Following the Second World War, Oldsmobile introduced the sturdy, compact, short-stroke, overhead-valve 135-horsepower “Rocket” V-8 in the new 1949 “88” model.

It made Oldsmobile one of the world’s best performing cars, dominating American Automobile Association and NASCAR events. The 88 helped Oldsmobile’s mid-priced sales to fourth in the industry, ultimately reaching third in 1972.

In 1961, Oldsmobile introduced its upscale compact F-85 with an aluminum 3.5-litre (215 cu. in.) V-8. It launched the Cutlass name, one of the industry’s most enduring. More significantly, it introduced the world’s first production exhaust-driven, turbo-supercharger in the 1962 Jetfire sports coupe, beating sister division Chevrolet’s turbocharged Corvair Spyder by a month.

Although Oldsmobile introduced turbocharging, bigger engines were cheaper to build and turbocharging was discontinued after a couple of years. Rover of England bought the little V-8 for its cars and SUVs.

Oldsmobile stunned the industry in 1966 with its front-wheel-drive Toronado. Not used in America since the 1930s Cord, Oldsmobile revived FWD in the U.S. and laid the groundwork for GM’s mass changeover to FWD in the 1980s.

As safety concerns rose, Oldsmobile’s 1974 Toronado was the first production car with an inflatable airbag, although it would soon disappear for more than a decade.

Driven by the 1973-74 energy crisis, Oldsmobile marketed the first modern American diesel car in 1978.

The converted 5.7-litre (350 cu in.) gasoline V-8 developed a poor reputation and was discontinued in 1985 after fuel economy concerns subsided.

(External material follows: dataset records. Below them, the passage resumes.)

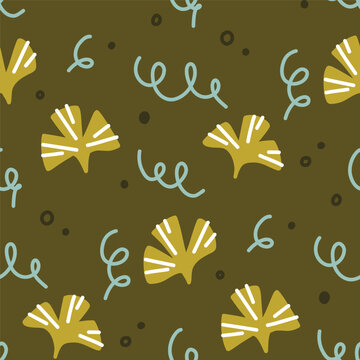 Seamless Abstract Floral Pattern with Hand Drawn Leaves and Decorative Elements on Dark Olive Background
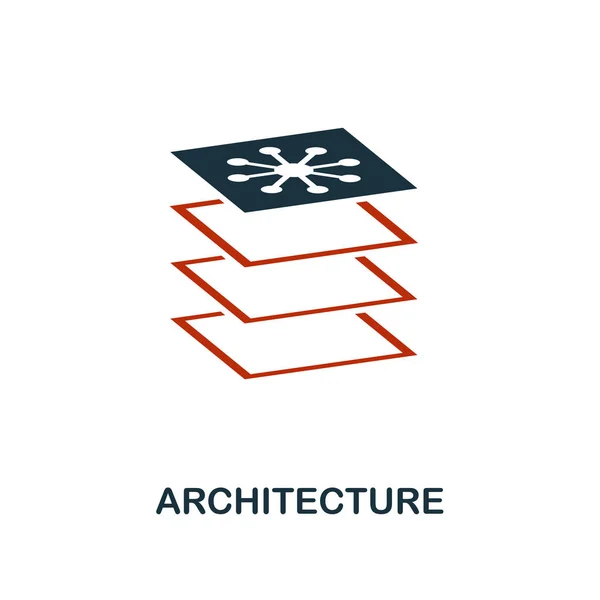 Architectuur icoon in twee kleuren design. Rode en zwarte stijlelementen van machine learning icons collectie. Creatief architectuur icoon. Voor webdesign, apps, software, print gebruik. UI en UX — Stockvector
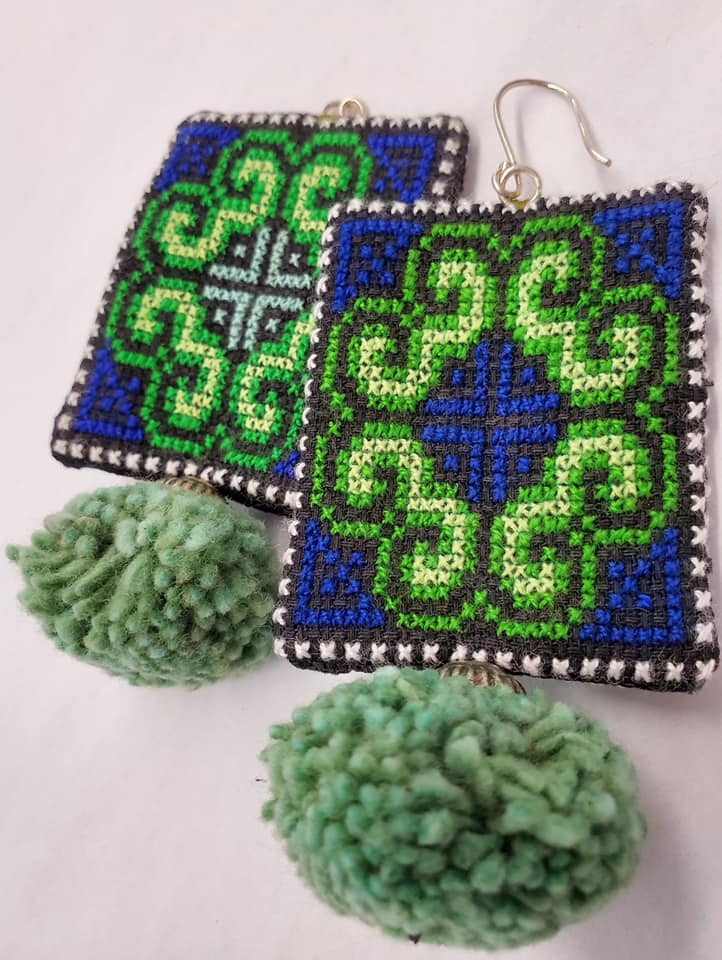 Hmong Embroidered Earring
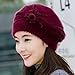 Fashionable Skull Hat with Plush Rabbits Furs Flower Decors Pullover Brimless Hat for Women Winter Head Accessory Rabb Gray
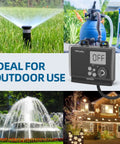 Hassle Free Digital Outdoor Timer Rock Solid Weatherproof Build Features Slick Dial Programming Plus Dual Grounded Outlets Made For Pool Pumps Yard Lights And Home Gear displayed with sprinkler, fountain, and decorated house.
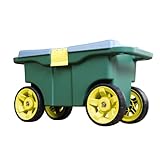 TCE AG594U Torin Garden Cart Scooter and Seat: Garden Stool with Bench Seat and Interior Tool Tray, Rolling Storage for Weeding and Planting, Green/Blue/Black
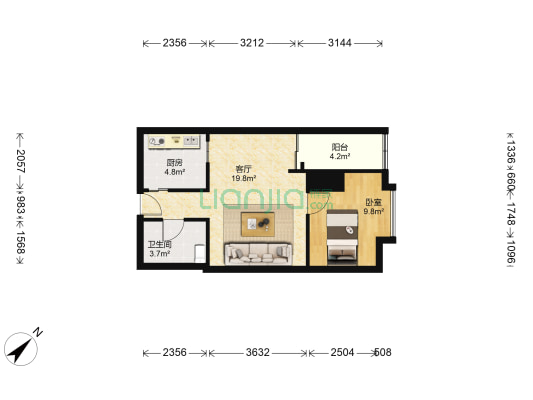 中山大厦雍景台 1室1厅1卫 52平方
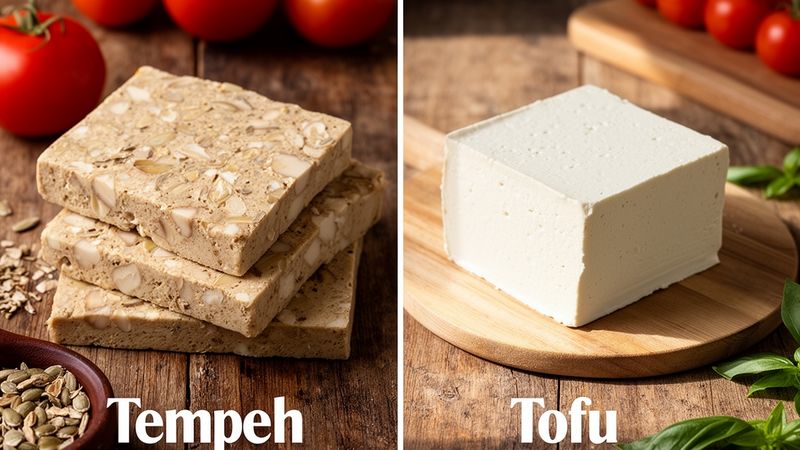 Tempeh affettato accanto a blocchi di tofu su un tagliere rustico con verdure fresche.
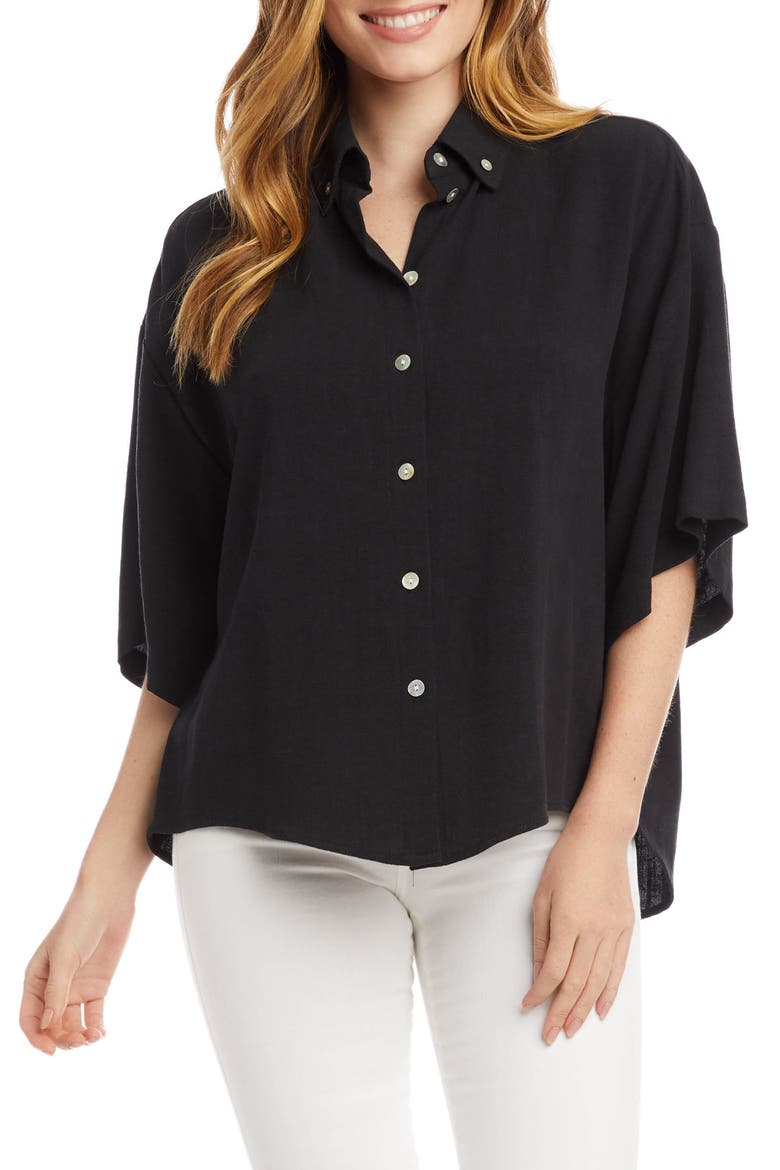Relaxed Woven Shirt, Main, color, BLACK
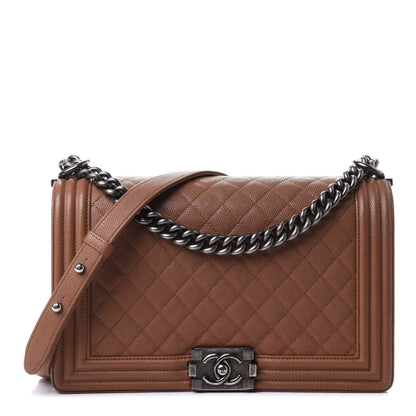 Chanel Caviar Quilted New Medium Boy Flap Light Brown 1 of 4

The drive for better economy in the 1970s and 1980s led GM to more four- and six-cylinder engines. When GM revived twin-overhead-camshaft, four-valves-per-cylinder engines following the star crossed 1975-76 Chevrolet Cosworth Vega, Oldsmobile developed the “Quad-4.” This 150 horsepower, 2.3-litre inline four appeared in the 1988 Oldsmobile Cutlass Calais.

Following the GM trend, Oldsmobile gradually phased out rear-drive, ending with the 1990 Cutlass. Its Bravada SUV arrived in 1991, although not in Canada.

In 1995, Olds reached back to its V-8 days and introduced the luxury-class Aurora with a 4.0-litre version of Cadillac’s Northstar double-overhead-cam, 32- valve V-8 driving the front wheels.

Oldsmobile’s demise in 2004 marked the end of not only the oldest name in American automobiles, but one with a legacy of engineering innovation including turbocharging, fully automatic transmission, modern American front-wheel drive and airbags.